En los llanos nuestro ejército se muestra impotente para defender nuestra soberanía territorial ante organizaciones guerrilleras que están demostrando estar mejor armadas y mejor adiestradas para el combate. Produce dolor esa merma de nuestra soberanía en las fronteras, independientemente de la posición política que uno tenga, porque se trata de ver el territorio nacional a merced de cuerpos militares extranjeros.
Duele a quienes apostamos nuestra vida a la legalidad republicana que el Estado haya perdido el monopolio de la violencia y en las cárceles gobiernen los pranes, en las zonas populares manden bandas delictivas, ejemplo siniestro de esta realidad son la Cota 905 y Petare, como igual sucede a diferentes escalas en las ‘principales ciudades‘ del país, como pasa también en las zonas fronterizas donde el paso migratorio es controlado por grupos de personas con poder extraterritorial.
Esta anarquía, este desamparo civil, esta miseria mutada en carencia absoluta de comida, libertad y legalidad, nos ha inmerso como país en un sótano civilizatorio donde la ley ha sido suplantada por los caprichos de los distintos clanes que basan su fuerza en la capacidad de fuego de su armamento y en la disposición que tengan para usarlo.
Duele este cabotaje por nuestras ciudades y campos, duele este peregrinar por los retos de un país que una vez fue referencia de prosperidad económica y funcionamiento democrático, duele este viaje de hoy por las ruinas de una nación victima de su ingenuidad y el vicio circular de no lograr entenderse en las cosas esenciales.
Si hacemos el recorrido por nuestras universidades, partiendo desde cuando fuimos estudiantes y le poníamos alas a nuestros proyectos de vida, un ramalazo de angustia lacerante nos hunde en la amargura de la impotencia.
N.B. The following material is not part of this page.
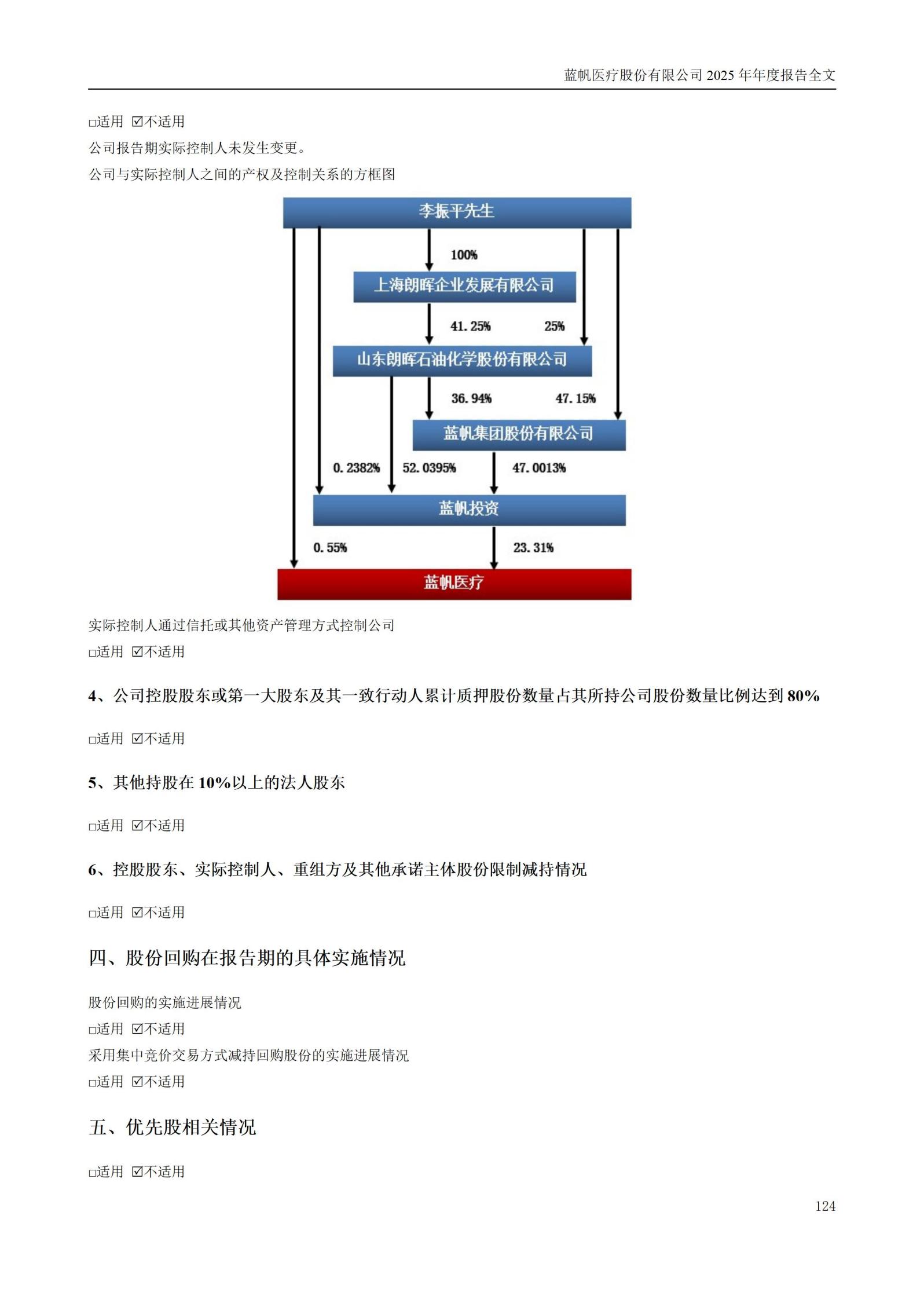 2025年年度报告_124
Ver todas y cada una de nuestras casas de estudios convertidas en detritus urbano es algo que nos derrota como hijos del conocimiento y las ideas. Y al transformarse en desastre físico, las universidades mueren también como reducto de la esperanza y el progreso, clavando en nuestras almas un puñal de vitriolo que corroe nuestros sentimientos de piedad y deja libre a los lobos de la ira.
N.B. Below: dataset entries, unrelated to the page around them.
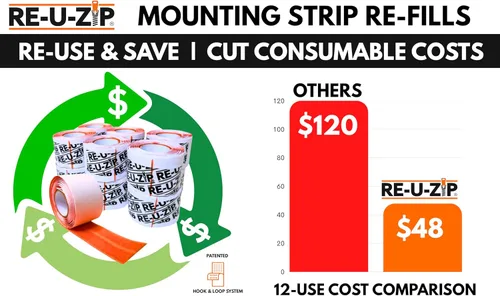 Miniatura 4 de RE-U-ZIP® Cremallera de Barrera contra el Polvo Reutilizable Fail-Safe™, Reemplazable y con Seguro Rentable para Uso Único o Repetido Kit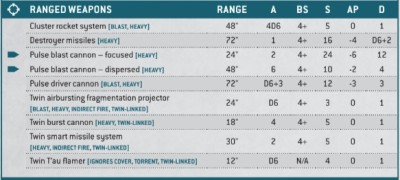 stormsurge ranged weapon profiles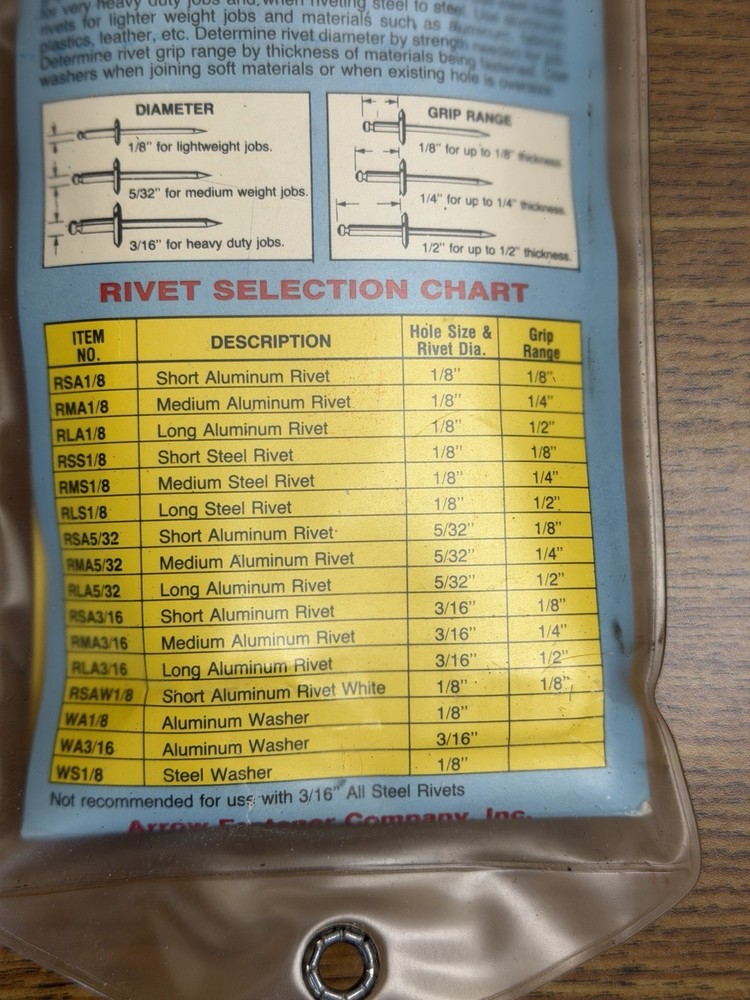 Arrow E-Z Pull Riveter Rivet Tool Model RH200 New In Package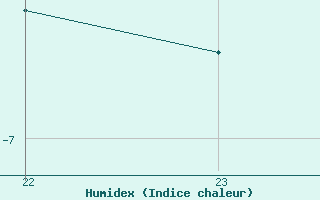 Courbe de l'humidex pour Saint-Haon (43)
Pero en nombre del humanismo que sembró en nuestros corazones la democracia, la universidad y el ejercicio de ciudadanos libres, nos toca recomponer nuestro espíritu de sobrevivencia y desde los rescoldos de la precariedad republicana que nos queda, alzar vuelo hacia la reconquista de la Venezuela que fuimos. Lo primero es conformar la unidad integral de las fuerzas democráticas, eliminando de nuestro vocabulario las etiquetas infamantes y abriendo espacios amigables para todos quienes amen al país desde la humildad, el sacrificio y la voluntad de luchar por la libertad sin hacer cálculos personales o grupales.